PROBLEM STATEMENT: The lines wanted are those from the one containing "Real Plane 3D Flight Simulator icon" to the last line of the entries below; output them exactly, leaving out pictures.

INFORMATION:
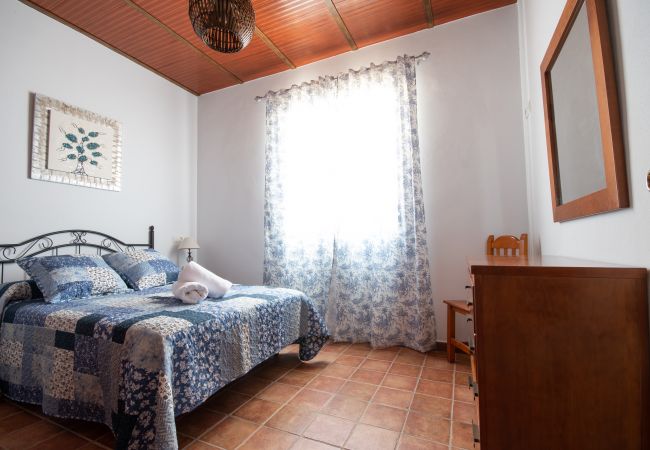 Bedroom of this villa in Alhaurín el Grande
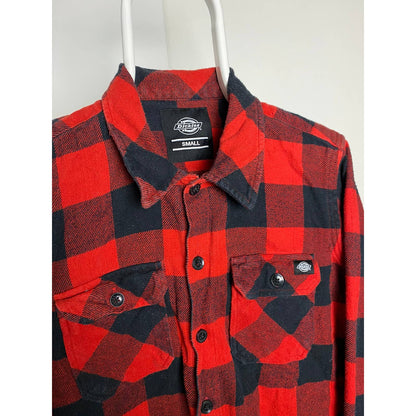 Dickies vintage flannel shirt red tartan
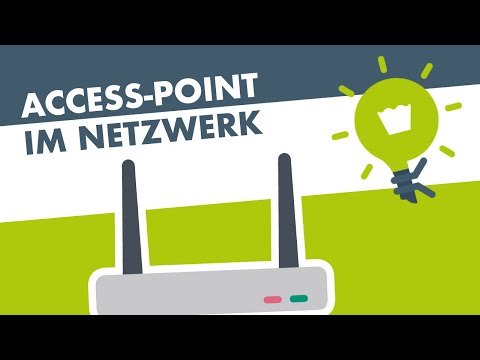 Der ACCESS-POINT im Netzwerk (einfach erklärt)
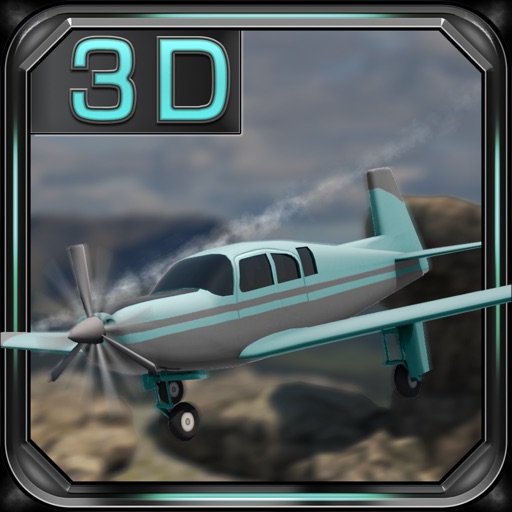 Real Plane 3D Flight Simulator icon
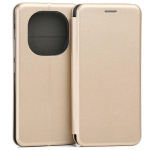 Beline knyginis magnetinis dėklas Redmi Note 14 Pro 5G auksinis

RESPONSE BOX:
 Real Plane 3D Flight Simulator icon
 Beline knyginis magnetinis dėklas Redmi Note 14 Pro 5G auksinis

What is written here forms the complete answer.